*WORK REQUIRED*: Apart from the pictures, everything in the lines below must be printed exactly.

*RECORD EXTRACTS*:
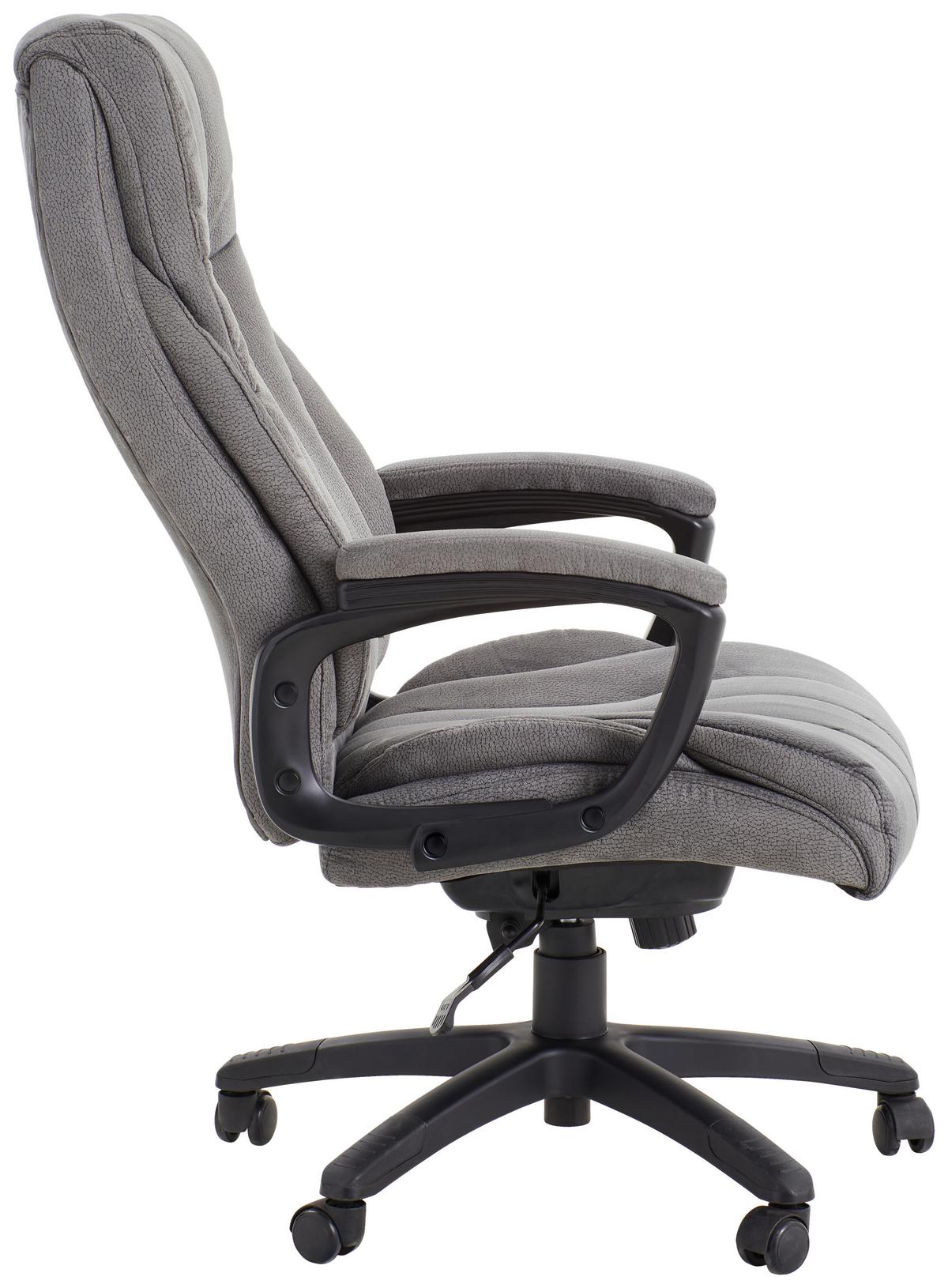 FOTEL SZEFA JOHN XXL - czarny/szary, Konventionell, tworzywo sztuczne/tkanina (68/113-121/68cm)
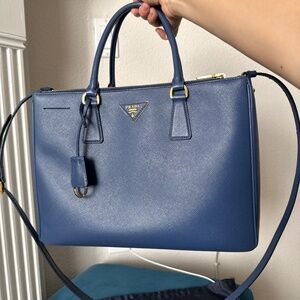 Prada Galleria Large Blue Saffiano Leather Handbag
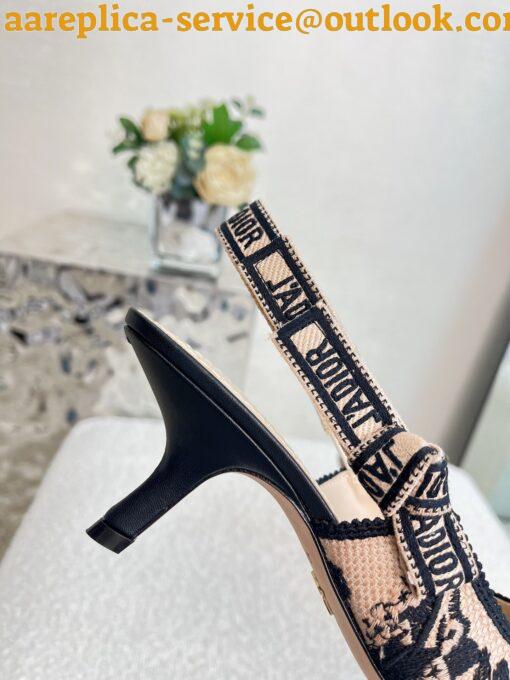 Replica Dior J’Adior Slingback Pumps 65mm In Nude Jardin Botanique Embroidery Cotton 4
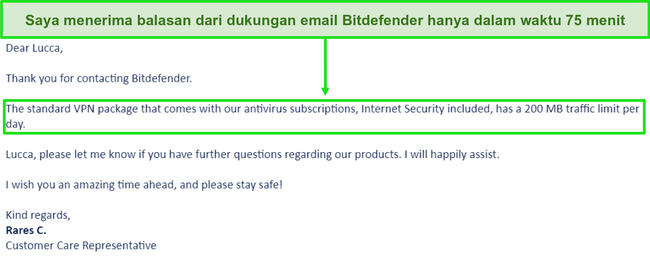 Tangkapan layar email dukungan dari Bitdefender.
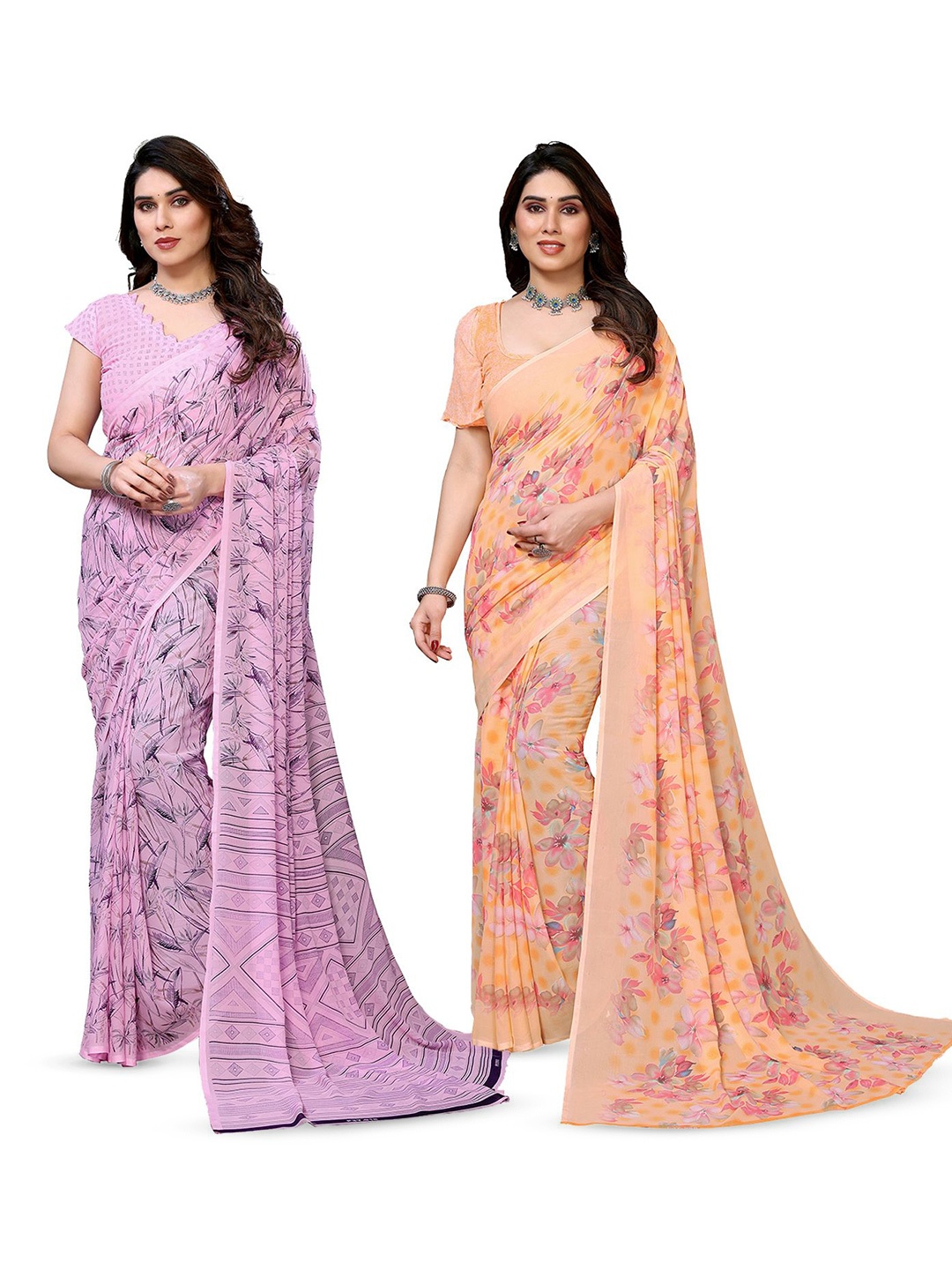 

Moda Rapido Floral Poly Georgette Saree, Purple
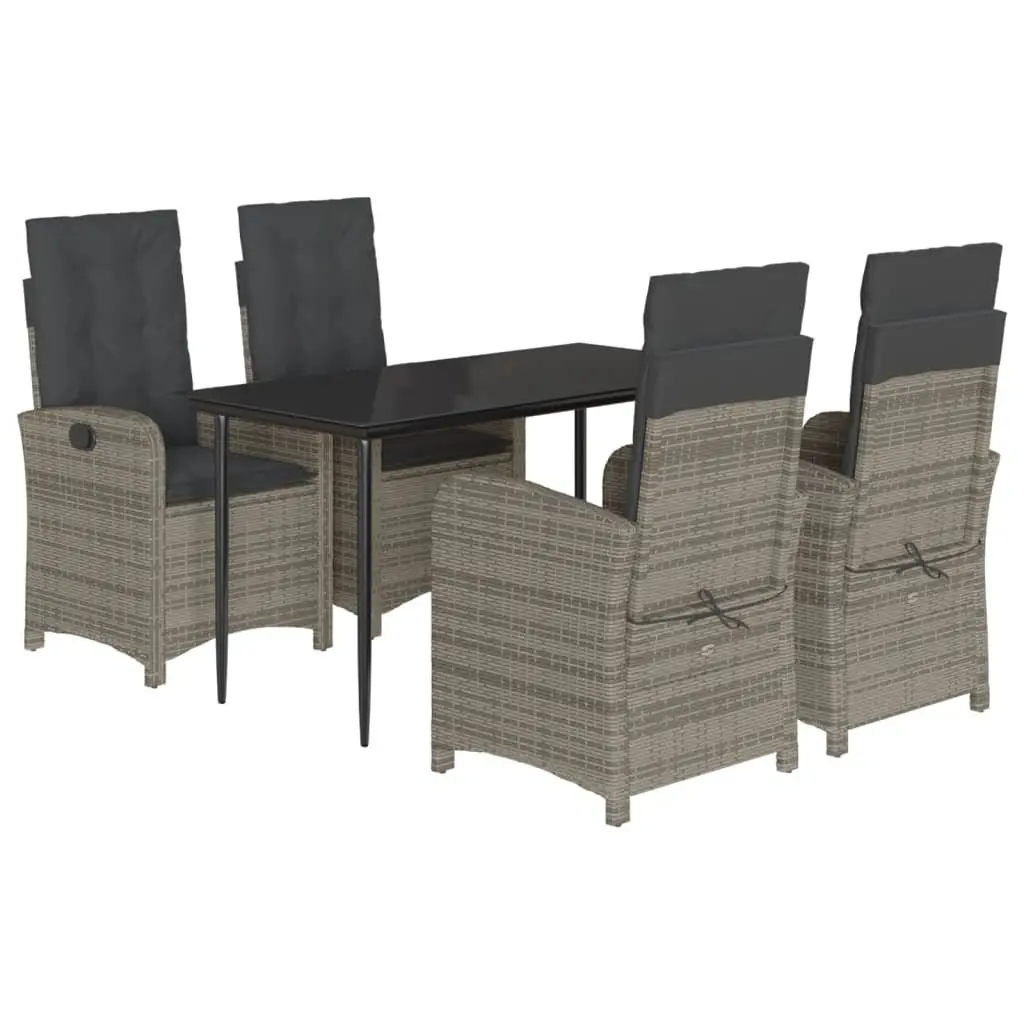 5 Piece Garden Dining Set for Outdoor Use Grey Poly Rattan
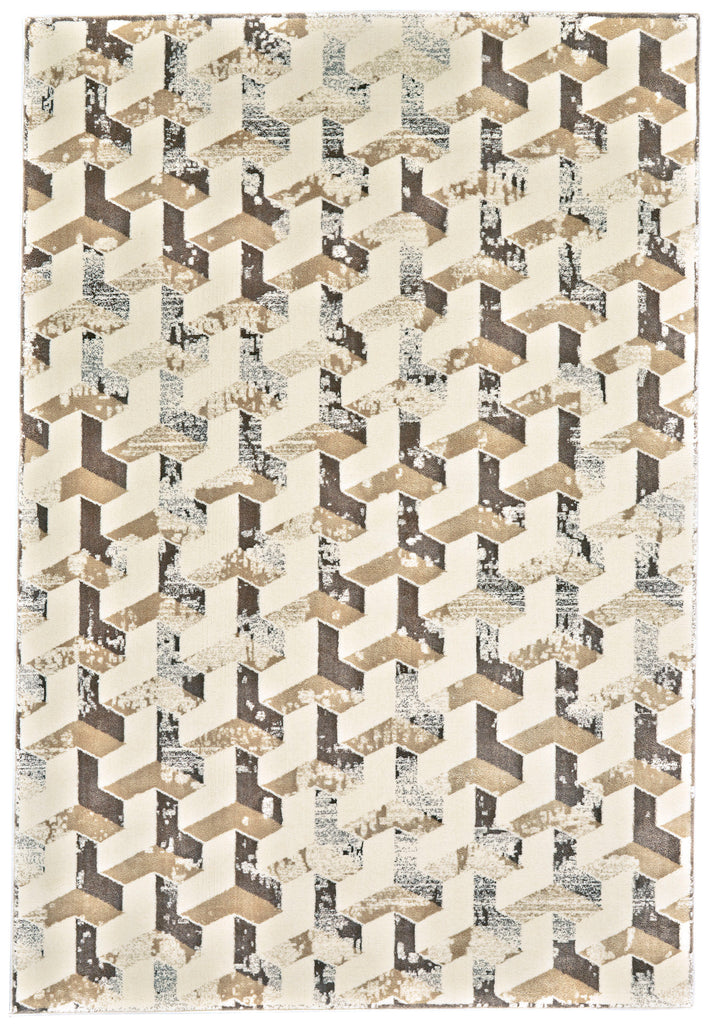 Azeri III Transitional Geometric Ivory Tan Taupe Area Rug (5' x 8')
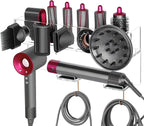 Wall Mount Holder Compatible with Dyson Airwrap Styler Supersonic Hair Dryer, Organizer for Storage Attachments, Rack with Hooks for Accessories Nozzles Barrels Brushes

*EXERCISE ANSWER*:
 FOTEL SZEFA JOHN XXL - czarny/szary, Konventionell, tworzywo sztuczne/tkanina (68/113-121/68cm)
 Prada Galleria Large Blue Saffiano Leather Handbag
 Replica Dior J’Adior Slingback Pumps 65mm In Nude Jardin Botanique Embroidery Cotton 4
 Tangkapan layar email dukungan dari Bitdefender.

Moda Rapido Floral Poly Georgette Saree, Purple
 5 Piece Garden Dining Set for Outdoor Use Grey Poly Rattan
 Azeri III Transitional Geometric Ivory Tan Taupe Area Rug (5' x 8')
 Wall Mount Holder Compatible with Dyson Airwrap Styler Supersonic Hair Dryer, Organizer for Storage Attachments, Rack with Hooks for Accessories Nozzles Barrels Brushes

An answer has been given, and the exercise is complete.